■ **Material provided**:
━━━
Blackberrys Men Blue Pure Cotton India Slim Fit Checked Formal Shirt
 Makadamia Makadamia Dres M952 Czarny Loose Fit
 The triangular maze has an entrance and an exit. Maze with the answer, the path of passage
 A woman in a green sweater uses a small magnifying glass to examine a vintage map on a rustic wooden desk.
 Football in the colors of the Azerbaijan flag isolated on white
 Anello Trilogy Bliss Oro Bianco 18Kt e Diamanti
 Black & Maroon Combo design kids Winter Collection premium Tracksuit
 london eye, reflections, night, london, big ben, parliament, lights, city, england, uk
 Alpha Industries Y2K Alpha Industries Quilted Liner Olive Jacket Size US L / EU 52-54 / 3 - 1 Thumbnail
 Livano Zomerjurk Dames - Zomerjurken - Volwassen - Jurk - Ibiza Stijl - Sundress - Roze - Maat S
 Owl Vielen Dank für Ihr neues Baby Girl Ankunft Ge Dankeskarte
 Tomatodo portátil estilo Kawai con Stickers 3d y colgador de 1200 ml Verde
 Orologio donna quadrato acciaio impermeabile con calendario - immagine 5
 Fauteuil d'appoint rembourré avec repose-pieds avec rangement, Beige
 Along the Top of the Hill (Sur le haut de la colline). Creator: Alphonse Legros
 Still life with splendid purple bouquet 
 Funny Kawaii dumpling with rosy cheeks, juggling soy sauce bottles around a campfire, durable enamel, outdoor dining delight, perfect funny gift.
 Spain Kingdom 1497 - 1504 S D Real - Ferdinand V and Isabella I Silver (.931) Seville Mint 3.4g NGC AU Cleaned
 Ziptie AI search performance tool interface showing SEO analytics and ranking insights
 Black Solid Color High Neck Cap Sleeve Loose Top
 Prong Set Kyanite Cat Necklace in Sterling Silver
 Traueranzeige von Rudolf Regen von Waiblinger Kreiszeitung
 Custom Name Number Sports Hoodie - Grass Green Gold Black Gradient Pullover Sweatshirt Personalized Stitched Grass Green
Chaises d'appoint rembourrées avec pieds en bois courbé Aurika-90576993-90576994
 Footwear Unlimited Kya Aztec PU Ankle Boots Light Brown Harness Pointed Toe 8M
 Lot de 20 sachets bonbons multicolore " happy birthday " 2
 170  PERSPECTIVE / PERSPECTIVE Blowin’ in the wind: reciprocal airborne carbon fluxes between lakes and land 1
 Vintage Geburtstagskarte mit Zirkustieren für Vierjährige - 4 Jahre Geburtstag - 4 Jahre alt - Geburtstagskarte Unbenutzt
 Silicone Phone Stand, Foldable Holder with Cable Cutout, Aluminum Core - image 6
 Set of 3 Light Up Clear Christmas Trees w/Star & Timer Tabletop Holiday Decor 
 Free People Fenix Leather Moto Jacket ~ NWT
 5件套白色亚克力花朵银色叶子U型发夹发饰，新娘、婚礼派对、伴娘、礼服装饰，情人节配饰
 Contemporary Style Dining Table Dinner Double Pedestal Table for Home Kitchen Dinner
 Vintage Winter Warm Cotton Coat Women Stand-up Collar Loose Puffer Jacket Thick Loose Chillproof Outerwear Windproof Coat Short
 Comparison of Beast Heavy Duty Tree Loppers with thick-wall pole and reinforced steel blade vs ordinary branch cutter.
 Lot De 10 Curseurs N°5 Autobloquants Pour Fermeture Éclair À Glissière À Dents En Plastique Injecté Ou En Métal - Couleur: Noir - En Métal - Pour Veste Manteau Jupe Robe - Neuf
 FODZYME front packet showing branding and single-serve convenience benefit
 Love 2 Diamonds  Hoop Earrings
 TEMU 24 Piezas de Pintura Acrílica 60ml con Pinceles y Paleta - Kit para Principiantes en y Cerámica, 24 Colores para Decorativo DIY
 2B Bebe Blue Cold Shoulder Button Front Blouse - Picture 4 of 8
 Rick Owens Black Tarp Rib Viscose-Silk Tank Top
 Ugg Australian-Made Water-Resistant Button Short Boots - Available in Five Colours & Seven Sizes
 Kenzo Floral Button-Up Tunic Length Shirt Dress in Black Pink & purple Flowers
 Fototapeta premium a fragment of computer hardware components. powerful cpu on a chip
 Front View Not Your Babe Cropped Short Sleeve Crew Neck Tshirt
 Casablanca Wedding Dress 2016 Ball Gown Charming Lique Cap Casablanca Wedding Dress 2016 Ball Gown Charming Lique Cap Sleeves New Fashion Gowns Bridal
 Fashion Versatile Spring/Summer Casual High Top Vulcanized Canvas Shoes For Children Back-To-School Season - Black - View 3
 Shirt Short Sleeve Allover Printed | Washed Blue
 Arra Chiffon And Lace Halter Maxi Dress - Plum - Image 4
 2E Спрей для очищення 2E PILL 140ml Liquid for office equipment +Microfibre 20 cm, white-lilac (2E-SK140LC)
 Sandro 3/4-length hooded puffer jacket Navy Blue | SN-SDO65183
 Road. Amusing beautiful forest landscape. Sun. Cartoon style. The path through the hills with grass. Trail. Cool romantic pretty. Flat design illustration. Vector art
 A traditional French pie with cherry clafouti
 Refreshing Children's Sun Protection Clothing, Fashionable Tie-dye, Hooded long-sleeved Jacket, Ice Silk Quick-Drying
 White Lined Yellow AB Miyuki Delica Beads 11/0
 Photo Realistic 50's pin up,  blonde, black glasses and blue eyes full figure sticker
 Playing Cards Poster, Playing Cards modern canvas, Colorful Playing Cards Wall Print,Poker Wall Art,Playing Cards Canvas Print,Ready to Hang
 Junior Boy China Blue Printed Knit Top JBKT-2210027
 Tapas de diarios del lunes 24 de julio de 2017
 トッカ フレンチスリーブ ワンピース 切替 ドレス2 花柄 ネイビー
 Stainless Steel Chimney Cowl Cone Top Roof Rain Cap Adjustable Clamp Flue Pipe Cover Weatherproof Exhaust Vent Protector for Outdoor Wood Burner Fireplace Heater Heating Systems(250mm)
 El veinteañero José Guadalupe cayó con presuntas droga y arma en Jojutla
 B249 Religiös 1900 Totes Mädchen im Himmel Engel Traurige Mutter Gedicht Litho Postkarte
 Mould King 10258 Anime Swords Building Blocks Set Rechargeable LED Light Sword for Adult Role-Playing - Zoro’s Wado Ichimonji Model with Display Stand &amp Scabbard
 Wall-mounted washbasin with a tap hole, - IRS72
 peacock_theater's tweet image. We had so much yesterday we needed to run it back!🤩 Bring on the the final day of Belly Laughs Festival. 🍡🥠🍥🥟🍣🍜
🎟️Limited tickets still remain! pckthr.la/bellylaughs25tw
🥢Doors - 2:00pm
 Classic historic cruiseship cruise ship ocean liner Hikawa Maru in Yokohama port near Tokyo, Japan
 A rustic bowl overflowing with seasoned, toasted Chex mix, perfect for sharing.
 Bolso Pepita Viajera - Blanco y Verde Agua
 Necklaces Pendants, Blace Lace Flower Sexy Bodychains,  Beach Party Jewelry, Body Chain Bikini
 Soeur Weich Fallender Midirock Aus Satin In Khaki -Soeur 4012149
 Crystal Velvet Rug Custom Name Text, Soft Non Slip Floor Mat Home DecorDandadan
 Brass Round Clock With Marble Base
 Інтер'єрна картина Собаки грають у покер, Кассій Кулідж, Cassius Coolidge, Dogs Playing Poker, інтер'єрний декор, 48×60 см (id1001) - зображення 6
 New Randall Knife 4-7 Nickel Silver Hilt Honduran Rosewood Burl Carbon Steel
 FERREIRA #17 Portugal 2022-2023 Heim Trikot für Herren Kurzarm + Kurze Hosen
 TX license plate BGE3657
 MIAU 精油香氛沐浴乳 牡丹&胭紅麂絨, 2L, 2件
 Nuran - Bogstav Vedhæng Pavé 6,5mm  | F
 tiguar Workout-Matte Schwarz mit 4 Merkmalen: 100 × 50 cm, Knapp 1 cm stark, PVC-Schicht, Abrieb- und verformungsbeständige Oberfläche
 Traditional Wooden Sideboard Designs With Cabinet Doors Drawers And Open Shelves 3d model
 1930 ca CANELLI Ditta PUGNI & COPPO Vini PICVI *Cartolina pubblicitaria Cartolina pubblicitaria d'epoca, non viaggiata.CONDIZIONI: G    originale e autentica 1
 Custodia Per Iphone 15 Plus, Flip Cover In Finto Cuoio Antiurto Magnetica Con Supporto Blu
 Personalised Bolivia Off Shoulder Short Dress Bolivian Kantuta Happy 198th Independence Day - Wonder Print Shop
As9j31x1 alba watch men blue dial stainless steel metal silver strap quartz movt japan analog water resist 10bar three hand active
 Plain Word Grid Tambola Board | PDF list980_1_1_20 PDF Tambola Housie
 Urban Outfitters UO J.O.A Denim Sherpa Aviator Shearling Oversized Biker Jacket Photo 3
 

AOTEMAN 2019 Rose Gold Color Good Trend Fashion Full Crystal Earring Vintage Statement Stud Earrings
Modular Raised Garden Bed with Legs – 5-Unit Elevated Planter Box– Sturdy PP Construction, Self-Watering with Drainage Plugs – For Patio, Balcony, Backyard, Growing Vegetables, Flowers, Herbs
━━━
Report how many lines in the data above contain "Cover", without any other words.

■ **Problem solution**:
2